I'm drilling the hole in the basement to get power through the ash cleanout door at the bottom of the fireplace for my insert, so I don't think that there will be a terra cotta liner or fire brick involved. 

What do you mean "one of the voids of the block"? The chimney is brick from basement to attic.


----------



## 47_47 (Sep 11, 2007)

I thought you meant concrete block, but on re-reading, you have bricks. I have not done this, and cannot advise if a hammer drill would work or to the hole location. I do know that 3/4" green flexible conduit is slightly larger than 1".


----------



## Clutchcargo (Mar 31, 2007)

ttt
It's only one brick. Does it matter where the hole is drilled?


----------



## DIY4EVER (Apr 10, 2007)

Clutch....

Your approach may depend on a few things.....age of the brick and condition of the mortar joints.

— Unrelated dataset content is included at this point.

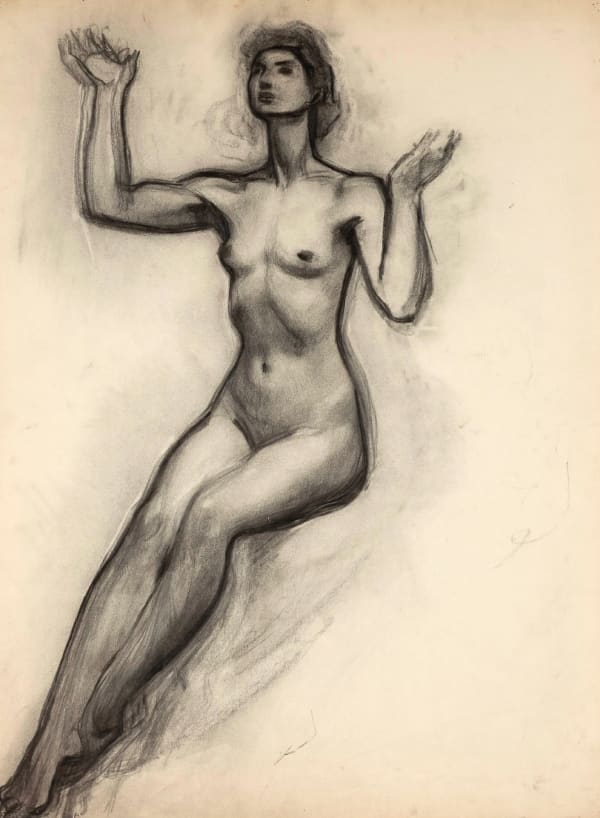 Suzanne Fabry (1904 – 1985), Female nude with arms raised, study of the artist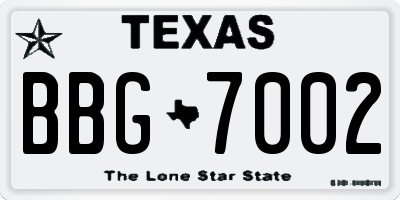 TX license plate BBG7002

The older the brick usually the softer it gets....easier to drill through. If you have mortar joints that are deteriorating.. i.e. you can break pieces off with your fingers I would try to stay away from it. if you drill through the mortar and do a lot of damage you can create gaps cracks and holes that could allow excess moisture and such to penetrate your walls. If you live in an area that has cold winters any moisture that gets into the cracks could freeze, expand in your wall, and cause heaving....not good!!

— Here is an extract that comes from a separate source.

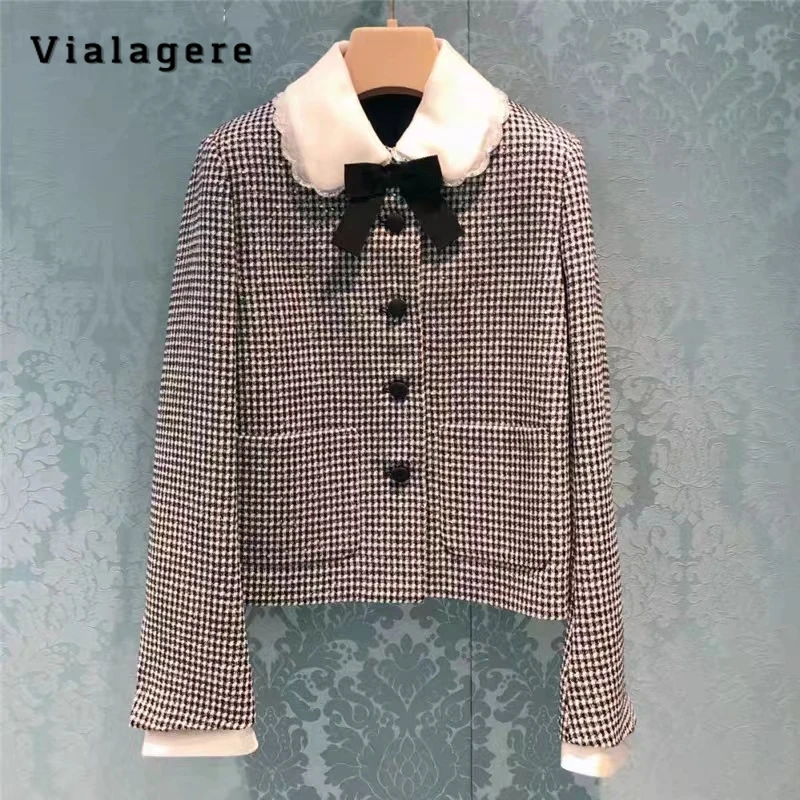 

2023 Autumn Winter Korean Single Breasted Peter Pan Collar Luxury Jacket For Women Outwear Casual Fashion Plaid Elegant Coat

I would go ahead and go for the center of a brick.....try for dead center just to give yourself more of the meat of the brick. Caulk any holes or cracks with a good silicon or weatherproof caulk and you should be good.


----------



## Clutchcargo (Mar 31, 2007)

Thanks DIY, great answer. 
The brick is in the basement and not exposed to freezing. Overall it's in good shape. I'll try drilling a pilot hole tonight to see if it cleanly goes through or chips away at the brick.


----------



## troubleseeker (Sep 25, 2006)

Clutchcargo said:


> I need to drill a 1" hole into a chimney. Is it better idea to drill between the bricks (in the mortar and partially in two surrounding bricks) or directly in the center of the brick? Do you think a hammer drill will be able to handle this?
> TIA


Use a rotary hammer, not a hammer drill. The terms are often interchanged, but they are two completely different animals. A hole this size through brick is no challenge for a rotary hammer.


----------



## 807 TDBn (Dec 19, 2009)

Clutchcargo said:


> I need to drill a 1" hole into a chimney. Is it better idea to drill between the bricks (in the mortar and partially in two surrounding bricks) or directly in the center of the brick? Do you think a hammer drill will be able to handle this?
> TIA


Clutch,
I am about to put an insert in my old fireplace and was wondering how your install came out?
Also, did you use a masonary bit or something else to punch the hole for the wiring?


----------



## firehawkmph (Dec 12, 2009)

CC,
Bosch makes carbide tipped hole saws for masonry work. I used a 4 1/8" to drill through a brick veneer wall to install a bath fan vent. I used a milwaukee right angle drill to power it. It took me about 45 minutes to get through. But that was a big hole and some very tough brick. It did cut a very clean hole.
Mike Hawkins


----------



## 807 TDBn (Dec 19, 2009)

firehawkmph,
Thanks, I'll check and see if they have a size for the 3/8" BMX conduit I need to runn.
Your project reminds me I need to do the same in my house. Always one more project.


----------



## Clutchcargo (Mar 31, 2007)

807 TDBn said:


> Clutch,
> I am about to put an insert in my old fireplace and was wondering how your install came out?
> Also, did you use a masonary bit or something else to punch the hole for the wiring?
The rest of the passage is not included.